Наш командир, я уверен, был храбр как лев, однако его здоровье оставляло желать лучшего. Участвовать в военных действиях на траулерах он не мог физически. Он проводил долгие часы в своей каюте, заваривая сложные травяные сборы, и выманить траулер «Бронте» с якорной стоянки не было никакой возможности. Прошла неделя, прежде чем он был списан на берег по состоянию здоровья, а должность старшего офицера 14-й противолодочной группы досталась мне.

Патрулирование подходов к продуваемой всеми ветрами и подверженной приливно-отливным течениям якорной стоянке флота метрополии Скапа-Флоу было задачей трудной и неблагодарной. Если паче чаяния день выдавался безветренным, все вокруг непременно заволакивал белый густой туман. В любую погоду приливно-отливные течения со скоростью не менее 8 узлов с завидным постоянством стремились сначала в одну сторону, а потом в противоположную по загроможденному скалами проливу Пентленд-Ферт. Когда ветер дул против течения, море вело себя так, что описать это не смог бы даже самый талантливый беллетрист. Если же ветер и течение были направлены в одну сторону, против их объединенной мощи идти было совершенно невозможно. Береговые огни горели только в экстренных случаях – нам было настоятельно рекомендовано обходиться без них. Поэтому для нас стало делом чести справляться собственными силами. Кстати, я не могу припомнить, чтобы кто-то из моей группы обращался с просьбой об огнях.

Условия работы были чрезвычайно тяжелыми. Имея в своем распоряжении пять судов, я должен был обеспечить три линии патрулирования, а два судна должны были постоянно находиться в стратегически важных точках в пределах Скапа-Флоу, обеспечивая защиту против немецких подводных лодок, если им удастся пробраться мимо внешних патрулей и обойти боновые заграждения и «петли». Последние представляли собой отрезки электрического кабеля, проложенные по дну моря и соединенные с гальванометром на берегу. Они регистрировали прохождение над ними любого крупного металлического объекта. При такой мощной защите держать здесь еще и противолодочные траулеры вполне можно было бы счесть лишним, если бы не одно немаловажное обстоятельство: как минимум половина заграждений находилась в зачаточном состоянии – их едва начали сооружать.

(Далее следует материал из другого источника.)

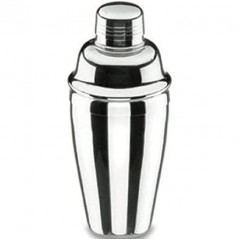 Cocktail shaker with stainless steel stopper 0.75 L.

Держать траулеры на якоре в постоянной готовности к действию было задачей не менее сложной, чем осуществлять патрулирование. Из-за нарушенного дифферента, как я уже говорил, они имели большую парусность носовой части, которая еще больше увеличивалась находящимся в носу орудием и платформой. Поэтому их сносило ветром даже при хорошей удерживающей способности грунта, чего в Скапа-Флоу не было. Траулеры легко волочили якоря за собой, и приходилось нести постоянную вахту и на мостике, и в машинном отделении. Якорной стоянке мы все предпочитали патрулирование в море, да и судно вело себя лучше, весело бороздя пусть и изрядно надоевшие, но все-таки морские просторы, чем скучая на привязи.

Свежие продукты оставались для нас недоступной роскошью. Увольнительных мы не получали, а если бы и получали, то идти все равно было некуда. Позже Линесс стал большой благоустроенной базой, где были созданы условия для жизни и отдыха людей. А в наше время там стояло только несколько полуразрушенных лачуг времен Первой мировой войны, старый ангар и многие мили разбитых грунтовых дорог. Впервые отправившись по вызову к адмиралу Френчу, командующему флотом на Оркнейских и Шетлендских островах, я обнаружил его в небольшой лачуге, больше всего напоминающей сельский туалет, каких было немало в маленьких деревушках до того, как всеобщее улучшение санитарных условий позволило перенести удобства в дом. Адмирал и его штаб должны были обосноваться на «Айрон Дюке», но корабль был сильно поврежден бомбежкой и теперь стоял в ожидании ремонта, непригодный даже для жилья. Позже его слегка подремонтировали и перегнали в Лонг-Хоуп, где он еще долго выполнял функции плавучей гостиницы для экипажей вспомогательных судов.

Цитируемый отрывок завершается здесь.